How dirty money is putting Canada’s CPAs at risk

As the battle against the global scourge of money laundering rages on, the role of the profession in the fight is as vital as ever

Illustration of a thief holding money and using a maple leaf as a disguiseAML experts say that robust beneficial ownership rules—something for which CPA Canada has vigorously advocated—are critical in the war against the concealment of crime proceeds and tax evasion (Illustration by Noma Bar)

In October 2016, fraud investigators with the Vancouver Police Department (VPD) began investigating a company called PacNet, which was headquartered in an office building on Howe Street in the central business district. The firm, owned and operated by a small group of people connected by marriage and family ties, had provided payment processing services since the late 1990s. 

The VPD became interested in PacNet because it believed that some of the company’s customers were con artists specializing in fraudulent direct mail schemes. Some of its payments had surfaced in suspicious transaction reports filed with FINTRAC, the federal money laundering and terrorist financing watchdog. Investigators believed that PacNet was processing payments for large numbers of direct mail solicitation schemes and charging commissions on those payments before forwarding the net amounts to its clients, involving hundreds of millions of dollars.

PacNet, investigators alleged, was a ‘laundromat,’ with ties to various U.S. fraud artists, among them a California man named Tully Lovisa, who had been ordered to pay $15.4 million in a lawsuit initiated by the Federal Trade Commission over highly deceptive direct-mail prize schemes.
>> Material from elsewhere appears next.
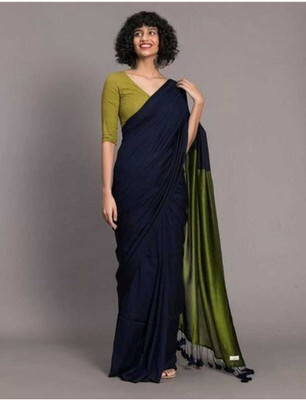 SARATHITEXTILE Solid/Plain Handloom Cotton Blend Saree(Dark Blue)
U.S. officials, in fact, had designated PacNet as a “transnational criminal organization.”

In early 2018, B.C.’s Director of Civil Forfeiture began the process of recovering funds collected by PacNet in what was described as a “predatory and unlawful” direct mail scheme. The Director alleged “that PacNet had processed payments relating to millions of such fraudulent and deceptive multi-page solicitations sent to hundreds of thousands of victims and potential victims throughout Canada, the United States and the world.” Then, in June 2019, the U.S. Department of Justice charged the firm’s principals with fraud, conspiracy and other crimes that could bring jail terms of up to 20 years. (As of Pivot’s deadline, the case has yet to be resolved.)
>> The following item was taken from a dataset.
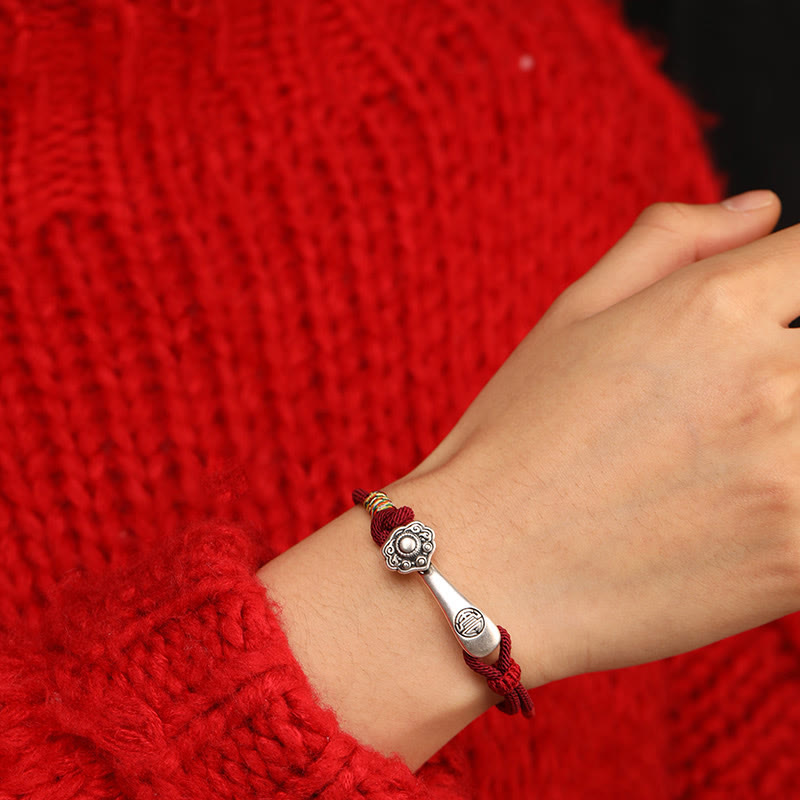 Wear FengShui 999 Sterling Silver Ruyi Stick String Protection Braided Bracelet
“We have known the issues relating to money laundering dating back to the early ’90s and our alarms went unanswered.”

Money laundering, of course, is not a new topic, but the stakes are changing rapidly as various jurisdictions seek to clamp down on the torrent of dirty money swirling around the globe, estimated to be worth about 3.6 per cent of global GDP. The highest-profile activity involves laundering the proceeds of drug or sex trafficking. Terrorist financing involves the flow of funds, often across borders, into the hands of terrorists. But with less profile, hard-to-track invoice fraud and trade-based money laundering, according to evidence presented earlier this year at the Cullen Commission hearings in B.C., could account for the disappearance of $1 trillion each year from the international import/export economy. 
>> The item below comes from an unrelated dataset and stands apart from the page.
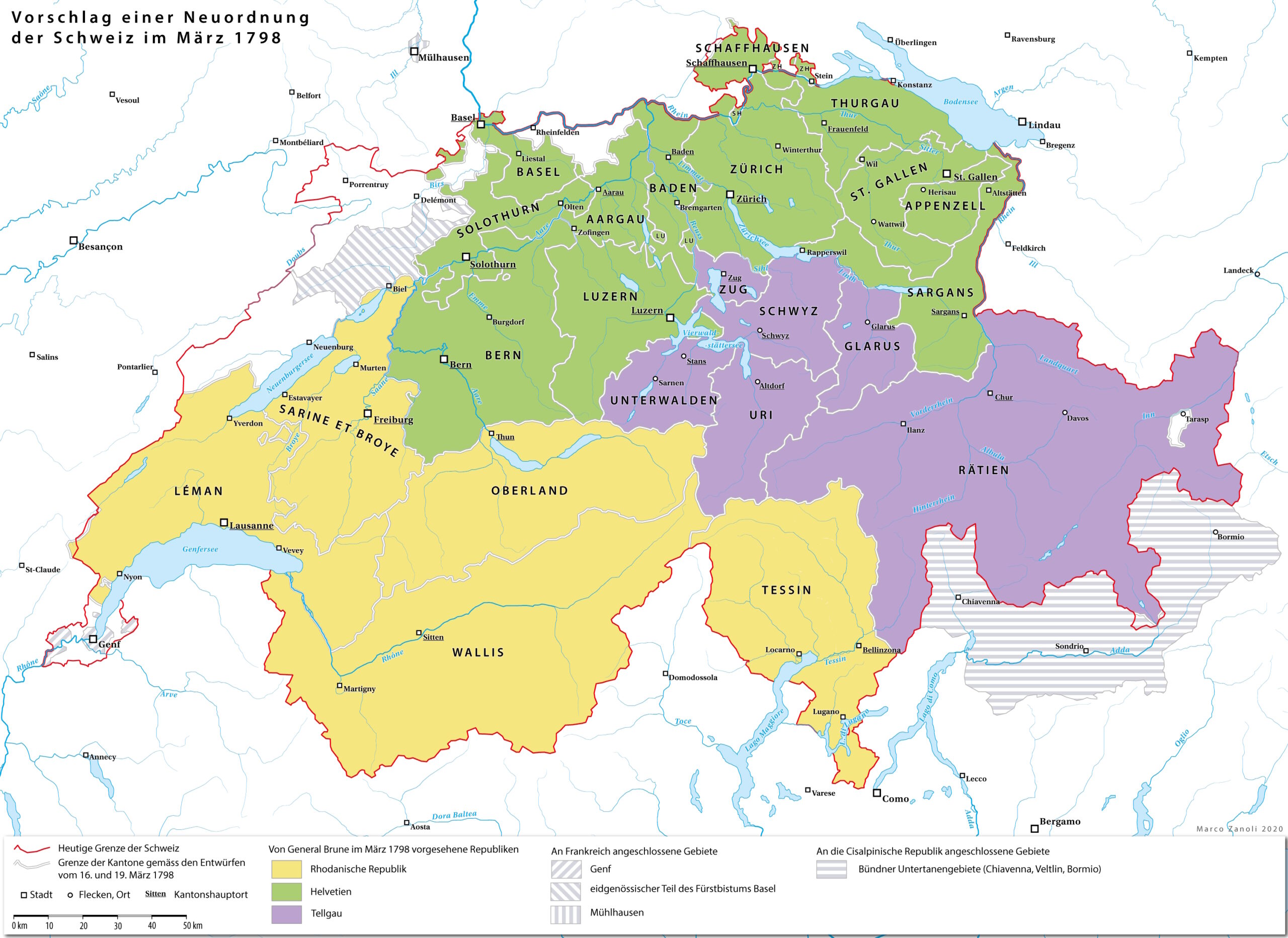 Karte von General Brunes Plan zur Aufteilung der Schweiz im März 1798 in die Rhodanische Republik, Helvetien und den Tellgau.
The scale of illegal global currency flows distorts economic indicators, presents risks to firms and professionals that may not realize their role in a wider, possibly international, scheme, and erodes trust in finance and transaction systems. Societies, economies and those most vulnerable the world over are harmed throughout. 

As money laundering and terrorist financing expert José Hernandez, CEO of Ortus Strategies, notes, the British Columbia government estimated $46.7 billion was laundered in Canada in 2018, with B.C. accounting for $7.4 billion. As much as three-quarters of that came through the B.C. real estate market. “Money launderers seek refuge in the strong brands of financial institutions, respected professionals such as lawyers and accountants and, above all, prosperous, stable countries like Canada,” he wrote in a CPA Canada blog post. “In so doing, they erode the credibility of institutions and individuals.”

Since 2016, the United Kingdom and the European Union have moved to compel far more disclosure of owners and shareholders as a means of closing off loopholes that have allowed criminals to move funds through numbered accounts registered in places like the Cayman Islands and the British Virgin Islands. 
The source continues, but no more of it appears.